2023 promotional single by Taylor Swift

"You're Losing Me" (Note: Subtitled "(From the Vault)") is a song by the American singer-songwriter Taylor Swift, who wrote and produced it with Jack Antonoff. The song first appeared as a bonus track on The Late Night Edition of Swift's 2022 studio album Midnights, released by Republic Records, in May 2023. The edition was only on CD and available for in-person purchase at certain venues of the Eras Tour for a limited time, following which the song was widely shared and available on social media. It was released for streaming on November 29, 2023.

A downtempo ballad, "You're Losing Me" has an atmospheric production featuring synthesizers and samples of Swift's heartbeat. Its lyrics describe the imminent dissolution of a long-term romantic relationship due to a misunderstanding between the partners. Music critics praised the track for the emotional nuance they perceived in its composition and storytelling.
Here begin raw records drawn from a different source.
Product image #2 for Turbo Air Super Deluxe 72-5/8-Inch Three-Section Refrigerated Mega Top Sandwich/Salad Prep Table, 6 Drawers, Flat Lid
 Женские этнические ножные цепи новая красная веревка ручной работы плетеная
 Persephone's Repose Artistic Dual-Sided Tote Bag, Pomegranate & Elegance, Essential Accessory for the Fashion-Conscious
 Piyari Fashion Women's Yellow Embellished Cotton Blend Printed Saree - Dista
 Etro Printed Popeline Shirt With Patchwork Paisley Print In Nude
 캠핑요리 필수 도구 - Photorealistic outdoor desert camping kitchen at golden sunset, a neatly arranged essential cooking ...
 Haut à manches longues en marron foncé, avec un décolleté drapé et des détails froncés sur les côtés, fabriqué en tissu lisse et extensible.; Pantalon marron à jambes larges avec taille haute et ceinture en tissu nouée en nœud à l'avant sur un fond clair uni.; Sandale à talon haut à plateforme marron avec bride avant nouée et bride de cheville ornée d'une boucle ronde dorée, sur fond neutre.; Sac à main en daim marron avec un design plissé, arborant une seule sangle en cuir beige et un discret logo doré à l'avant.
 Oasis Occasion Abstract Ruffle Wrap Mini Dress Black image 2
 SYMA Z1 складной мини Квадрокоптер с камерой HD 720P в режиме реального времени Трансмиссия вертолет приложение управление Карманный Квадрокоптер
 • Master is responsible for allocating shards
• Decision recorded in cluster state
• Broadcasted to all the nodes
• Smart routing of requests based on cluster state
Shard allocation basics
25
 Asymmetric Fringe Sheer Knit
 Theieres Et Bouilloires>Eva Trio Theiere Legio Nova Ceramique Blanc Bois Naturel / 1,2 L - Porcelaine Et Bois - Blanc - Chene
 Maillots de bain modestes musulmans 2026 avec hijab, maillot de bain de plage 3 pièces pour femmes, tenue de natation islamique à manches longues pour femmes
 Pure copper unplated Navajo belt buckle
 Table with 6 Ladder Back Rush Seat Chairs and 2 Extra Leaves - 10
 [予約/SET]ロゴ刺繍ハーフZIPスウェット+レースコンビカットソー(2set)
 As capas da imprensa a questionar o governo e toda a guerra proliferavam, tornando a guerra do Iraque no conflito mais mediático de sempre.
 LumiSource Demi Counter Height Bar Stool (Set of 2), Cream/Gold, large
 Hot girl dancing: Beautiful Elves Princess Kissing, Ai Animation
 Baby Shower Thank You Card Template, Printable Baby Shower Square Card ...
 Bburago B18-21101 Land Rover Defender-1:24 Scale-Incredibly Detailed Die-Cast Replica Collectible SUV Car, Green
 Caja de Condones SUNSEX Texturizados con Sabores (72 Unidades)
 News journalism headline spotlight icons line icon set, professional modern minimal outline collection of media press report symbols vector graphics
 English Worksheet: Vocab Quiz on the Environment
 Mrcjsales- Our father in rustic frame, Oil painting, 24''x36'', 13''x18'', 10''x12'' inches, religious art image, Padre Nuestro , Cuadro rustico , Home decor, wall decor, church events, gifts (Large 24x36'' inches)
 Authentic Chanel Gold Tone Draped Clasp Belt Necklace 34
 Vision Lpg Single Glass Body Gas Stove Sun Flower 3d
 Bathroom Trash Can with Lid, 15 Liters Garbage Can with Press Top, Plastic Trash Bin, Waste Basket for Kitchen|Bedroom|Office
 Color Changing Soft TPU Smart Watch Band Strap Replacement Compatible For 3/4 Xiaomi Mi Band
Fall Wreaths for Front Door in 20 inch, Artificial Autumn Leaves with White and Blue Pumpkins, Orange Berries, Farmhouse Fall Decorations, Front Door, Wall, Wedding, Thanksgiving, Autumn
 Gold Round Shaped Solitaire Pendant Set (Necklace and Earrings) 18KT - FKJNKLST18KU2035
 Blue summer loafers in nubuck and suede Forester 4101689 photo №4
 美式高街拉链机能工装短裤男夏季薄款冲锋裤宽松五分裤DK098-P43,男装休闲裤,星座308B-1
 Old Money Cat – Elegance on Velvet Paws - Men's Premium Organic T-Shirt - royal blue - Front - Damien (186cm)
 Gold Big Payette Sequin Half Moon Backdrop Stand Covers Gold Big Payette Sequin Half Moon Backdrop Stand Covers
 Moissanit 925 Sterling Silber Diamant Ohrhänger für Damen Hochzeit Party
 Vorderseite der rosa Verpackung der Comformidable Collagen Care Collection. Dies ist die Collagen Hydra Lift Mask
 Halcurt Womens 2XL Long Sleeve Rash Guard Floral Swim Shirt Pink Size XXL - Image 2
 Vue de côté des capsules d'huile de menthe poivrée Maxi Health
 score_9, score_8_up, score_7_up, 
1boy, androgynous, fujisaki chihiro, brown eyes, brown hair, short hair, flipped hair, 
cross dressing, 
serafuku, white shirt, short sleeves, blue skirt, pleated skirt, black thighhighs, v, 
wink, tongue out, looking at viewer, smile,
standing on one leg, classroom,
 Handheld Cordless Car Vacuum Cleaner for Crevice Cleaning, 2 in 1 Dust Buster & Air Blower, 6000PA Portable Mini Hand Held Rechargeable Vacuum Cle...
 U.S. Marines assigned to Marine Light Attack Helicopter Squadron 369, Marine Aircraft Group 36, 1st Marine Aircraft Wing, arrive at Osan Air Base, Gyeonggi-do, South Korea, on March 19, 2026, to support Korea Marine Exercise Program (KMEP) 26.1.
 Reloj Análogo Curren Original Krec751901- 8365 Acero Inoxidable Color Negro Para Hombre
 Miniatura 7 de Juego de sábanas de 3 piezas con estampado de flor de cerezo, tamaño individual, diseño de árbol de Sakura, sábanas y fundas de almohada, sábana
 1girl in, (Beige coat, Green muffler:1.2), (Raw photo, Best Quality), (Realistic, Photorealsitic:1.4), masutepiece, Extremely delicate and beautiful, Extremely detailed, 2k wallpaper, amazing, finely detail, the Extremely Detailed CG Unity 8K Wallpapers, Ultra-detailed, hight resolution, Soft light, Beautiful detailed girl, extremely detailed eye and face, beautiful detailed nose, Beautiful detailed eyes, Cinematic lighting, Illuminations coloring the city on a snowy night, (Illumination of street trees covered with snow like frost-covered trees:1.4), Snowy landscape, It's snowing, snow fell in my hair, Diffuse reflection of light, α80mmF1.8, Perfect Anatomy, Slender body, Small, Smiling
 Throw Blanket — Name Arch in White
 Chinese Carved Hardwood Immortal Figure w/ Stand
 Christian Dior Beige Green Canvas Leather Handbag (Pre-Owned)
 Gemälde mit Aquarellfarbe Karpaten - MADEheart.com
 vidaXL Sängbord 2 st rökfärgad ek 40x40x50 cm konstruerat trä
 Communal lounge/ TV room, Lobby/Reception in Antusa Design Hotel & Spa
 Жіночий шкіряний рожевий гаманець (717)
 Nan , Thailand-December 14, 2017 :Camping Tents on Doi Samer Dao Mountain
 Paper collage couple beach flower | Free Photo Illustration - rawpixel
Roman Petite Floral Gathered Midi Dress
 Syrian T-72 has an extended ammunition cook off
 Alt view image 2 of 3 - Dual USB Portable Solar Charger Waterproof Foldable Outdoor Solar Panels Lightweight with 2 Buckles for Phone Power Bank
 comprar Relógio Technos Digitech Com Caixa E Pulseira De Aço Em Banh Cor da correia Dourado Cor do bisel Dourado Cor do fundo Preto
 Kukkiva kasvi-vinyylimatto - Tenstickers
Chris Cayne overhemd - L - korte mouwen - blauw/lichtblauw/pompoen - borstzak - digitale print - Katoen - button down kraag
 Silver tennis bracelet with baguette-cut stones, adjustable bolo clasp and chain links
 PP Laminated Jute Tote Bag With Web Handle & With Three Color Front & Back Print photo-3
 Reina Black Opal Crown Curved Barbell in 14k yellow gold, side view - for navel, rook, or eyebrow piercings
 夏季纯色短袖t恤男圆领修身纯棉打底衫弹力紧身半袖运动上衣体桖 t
Critics and fans alike connected the lyrics to the end of Swift's six-year romance with the English actor Joe Alwyn in early 2023.

Commercially, "You're Losing Me" reached number 27 on the US Billboard Hot 100 and peaked atop the Digital Songs chart. Elsewhere, it topped the Philippines Songs chart and peaked within the top 20 on the Billboard Global 200 and in Australia, Canada, Ireland, New Zealand, and Singapore. Swift performed the song three times during the shows of her Eras Tour (2023–2024).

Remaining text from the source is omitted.